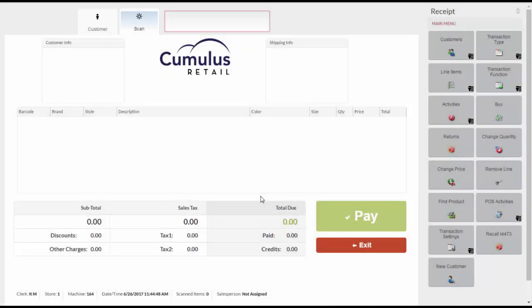This is how you sell a stored value card. When selling a stored value card, you can either assign a customer or sell the card without a customer attached.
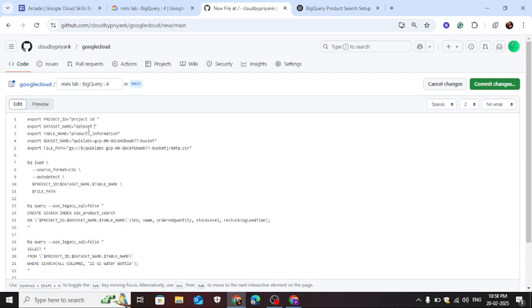Dataset name, and here table name, and here bucket name.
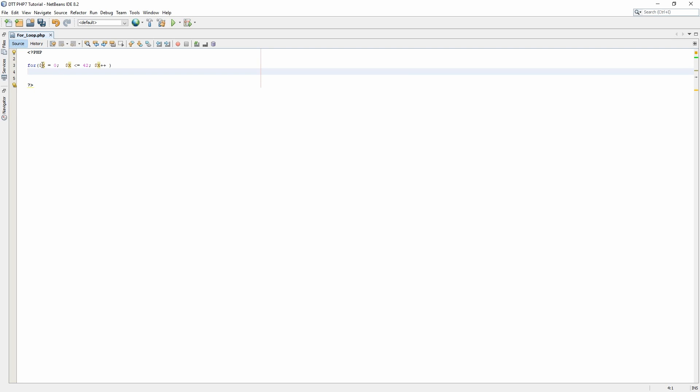Once we have defined the parameters of the for function we need to create a function block. These funny brackets is where our code will be executing.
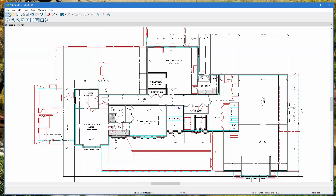That's an overview of the Chief Architect client viewer. Remember to save the file once you're done and you can send it right back to your builder. I hope you learned something new — thanks for watching, and feel free to check out more quick tip videos at chieftutor.com.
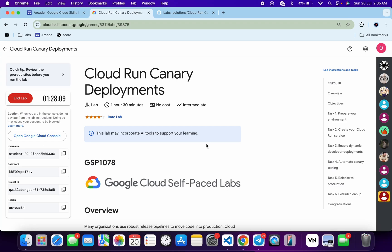Welcome to the channel. I hope you guys are doing absolutely fine. This lab was just recently updated, so here is a new solution for the lab. I'll try to make this lab as simple as possible for you, but I will request you to please watch the video carefully and then try to complete the lab.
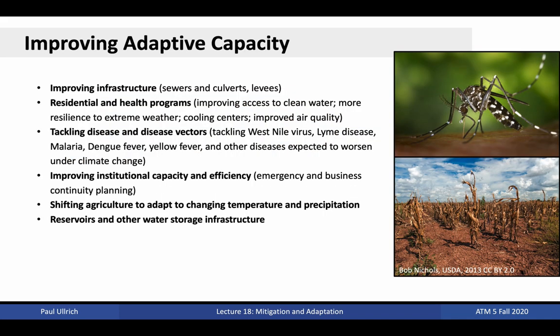A number of efforts can be tackled at present to improve adaptive capacity and thus allow a population to be better prepared in the face of a changing climate. Some examples include improving infrastructure — for example, improving water resources management or development of residential and health programs, such as more access to clean water in disadvantaged communities — improving resilience to extreme weather, developing cooling centers to provide shelter for populations in light of heat waves, ensuring improved air quality, tackling disease and disease vectors such as mosquitoes which are anticipated to thrive under warmer, wetter conditions, improving institutional capacity and efficiency, shifting agriculture to adapt to changes in temperature and precipitation, and constructing reservoirs and water storage infrastructure to ensure water availability under increased climate variability.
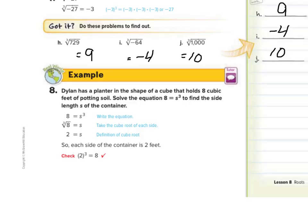Dylan has a planter in the shape of a cube that holds 8 cubic feet of potting soil. Solve the equation 8 equals s to the third to find the side length s of the container. Notice how they took the cube root of both sides: the cube root of 8 is 2, so each side of the container is 2 feet.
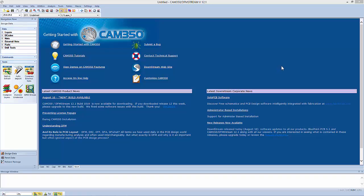In this video, we'll look at some of the graphical user interface changes in CAM350 and DFM Stream version 12.1. You'll notice a slight color change here. This is just an artifact of upgrading to the newer Microsoft-type interface.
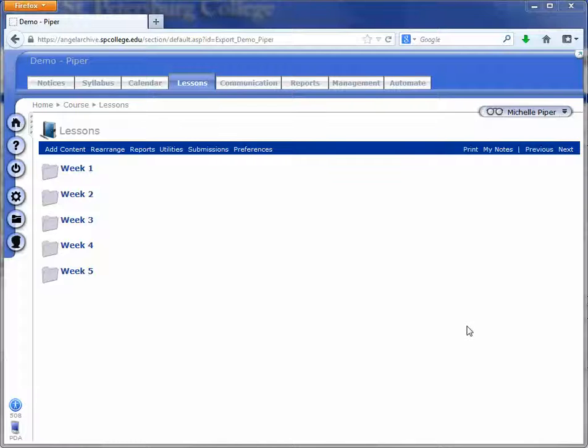Hello! Okay, in this video we're going to show how to export a course from Angel Archive and import that course over to AngelLive. For example, if you've taught last summer and you're teaching this summer, you may need to go grab your course from Angel Archive last summer and bring it into your summer course for the current semester.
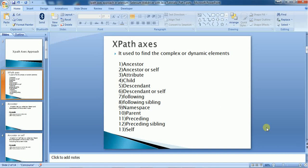There are actually 13 different types of XPath axes. The first one is ancestor, then ancestor-or-self, attribute, child, descendant, descendant-or-self, following, following-sibling, namespace, parent, preceding, preceding-sibling, and self. These are all 13 different axes of XPath that help to locate complex as well as dynamic elements.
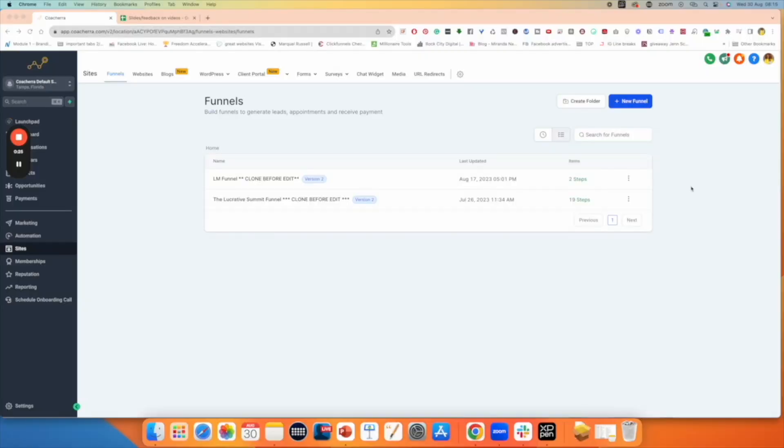This quick tutorial will show you how to link your products in your funnels inside of Go High Level. Let's dive into creating products inside of Go High Level.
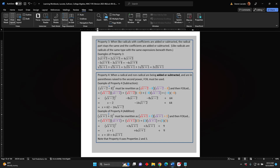Negative 3 times the square root of the sum x plus 4, minus 3 times the square root of the sum x plus 4, equals negative 6 times the square root of the sum x plus 4. The square root of the sum 2x plus 1 plus the square root of the sum 2x plus 1 can be rewritten with a coefficient of 1 in front of each radical, giving 1 times the square root of the sum 2x plus 1 plus 1 times the square root of the sum 2x plus 1, which equals 2 times the square root of the sum 2x plus 1.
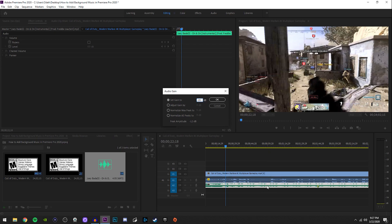For background music in a YouTube video, anywhere between negative 20 and negative 30 to 35 works just fine, but generally you kind of want to just check what sounds best. Once you put your value in, click OK or press Enter.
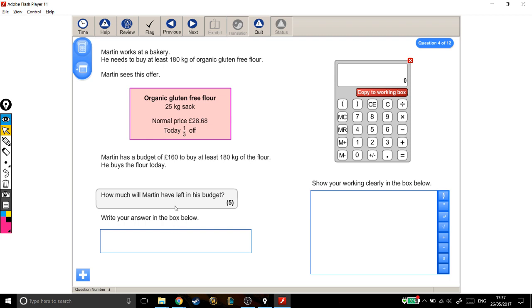Now they've given us a clue here by phrasing this question so that we know he's going to have money left over in his budget. So before I even think about my answer, well because I haven't got one yet, I know that when I work out how much it'll all cost, it's got to be less than £160.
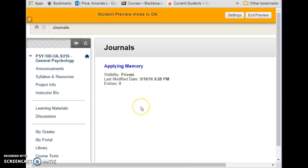What a journal does is it is basically a reflection paper that you would submit to me. Whereas the discussion boards or the wikis are things that other people in the course are reviewing, the journal is something that only I as the instructor would review.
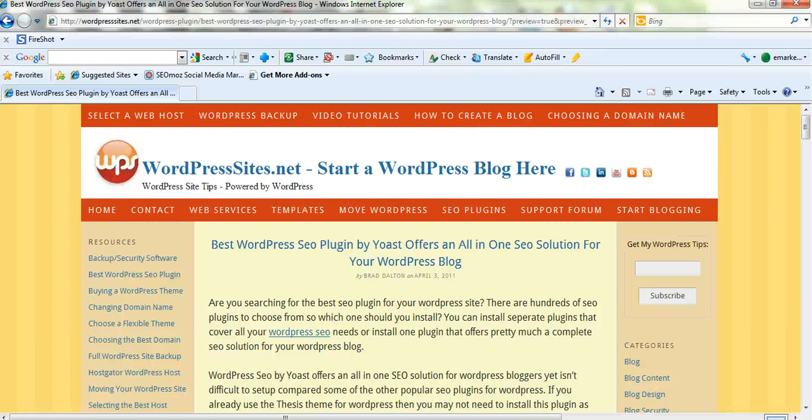Hi Brad from WordPress sites.net, this is a five minute video on my latest blog post: Best WordPress SEO plugin by Yoast.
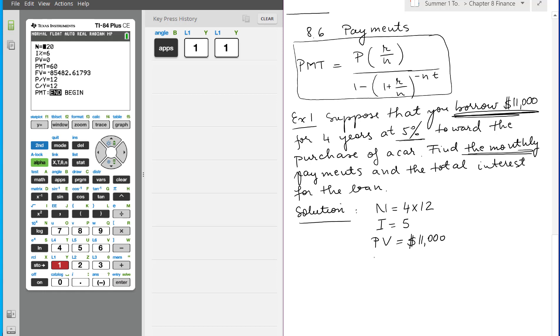Then the payment - it says find the monthly payment, so this is what we want to find. We put a box like we did in the past for something we want to find. Future value, I'm just going to put zero because I don't want to find that. I want to find out how much money I'm going to pay every month if I borrow $11,000.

────────────────────────────────────────

WORK TO BE COMPLETED: Starting at the first line of the material above and ending with the line that contains "That's an overview", reproduce every line exactly, and leave out the pictures.

ANSWER:
This is how you sell a stored value card. When selling a stored value card, you can either assign a customer or sell the card without a customer attached.
Dataset name, and here table name, and here bucket name.
Once we have defined the parameters of the for function we need to create a function block. These funny brackets is where our code will be executing.
That's an overview of the Chief Architect client viewer. Remember to save the file once you're done and you can send it right back to your builder. I hope you learned something new — thanks for watching, and feel free to check out more quick tip videos at chieftutor.com.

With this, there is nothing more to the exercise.